THE TASK
From the first line to the last, retype everything below exactly, minus the pictures.

SUPPLIED MATERIAL
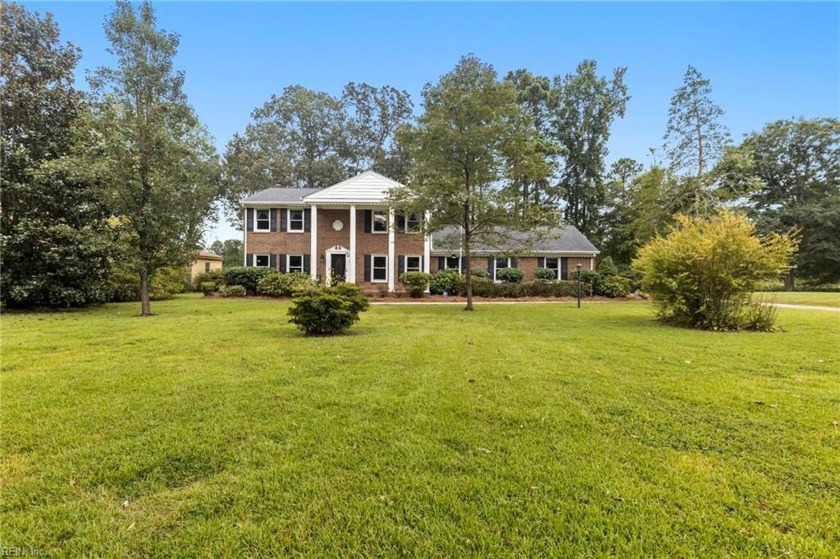 WOW! Rare opportunity to own a meticulously maintained home on - Beach Home for sale in Chesapeake, Virginia on Beachhouse.com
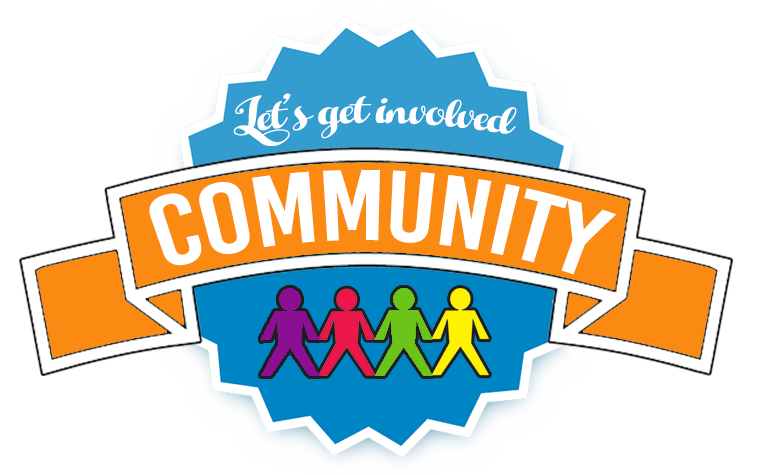 community clipart local community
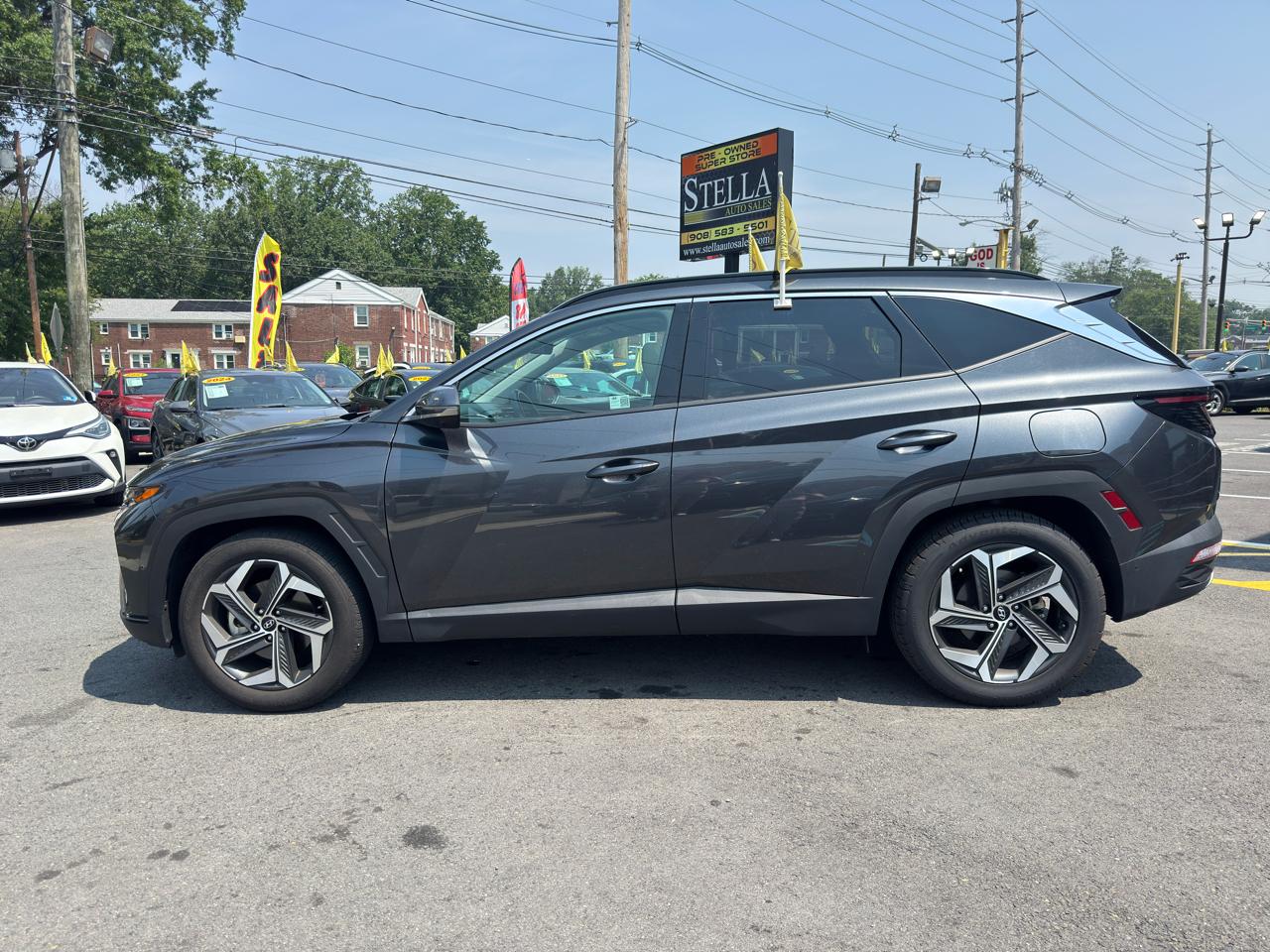 Hyundai Tucson Limited 2024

ANSWER
 WOW! Rare opportunity to own a meticulously maintained home on - Beach Home for sale in Chesapeake, Virginia on Beachhouse.com
 community clipart local community
 Hyundai Tucson Limited 2024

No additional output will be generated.